According to the researchers, the study placed focus on the social demographic and treatment traits of survivors that were linked to a higher rate of enrollment in federal support programs.
It was discovered that the youngest survivors, diagnosed at age 4 and under, were up to seven times more likely to be placed on a Supplemental Security Income (SSI) program than those diagnosed in their adolescence. It was also noted that female survivors and those that had undergone cranial radiation treatment had greater chances of ending up on SSI as well.
Two federal disability programs were looked at in order to find current and formerly enrolled survivors. The first was the SSI, for survivors with limited incomes and no work history, and the other was the Social Security Disability Insurance (SSDI) program – a federal grant that pays disability benefits to adults that have worked and paid social security taxes.
This information was compared with that of individuals currently part of the Childhood Cancer Survivor Study, which is an initiative by the National Cancer Institute that followed over 14,000 cancer-surviving children and teenagers.
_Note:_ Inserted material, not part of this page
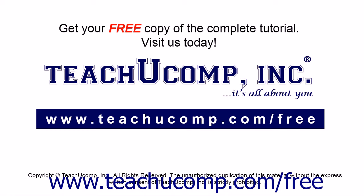Get your free copy of the complete tutorial at www.teachucomp.com/free.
It was found that 13.5% of the childhood cancer survivors either are or formerly had been enrolled on the SSI while another 10% featured on the SSDI. It was also noted that survivors are placed more frequently on the SSI than the rest of the U.S population – 7.3% as opposed to the standard 2.5%.
The study highlights the need for support strategies and structures to be put in place for cancer survivors. For many childhood cancer survivors, the struggle doesn't end after treatment. In many cases there is a host of under-recognized health implications that follow. It is unclear how many cancer survivors have access to federal support programs, but the study identifies the need to recognize the long-term impact that cancer can have on the lifestyles of survivors and their ability support themselves.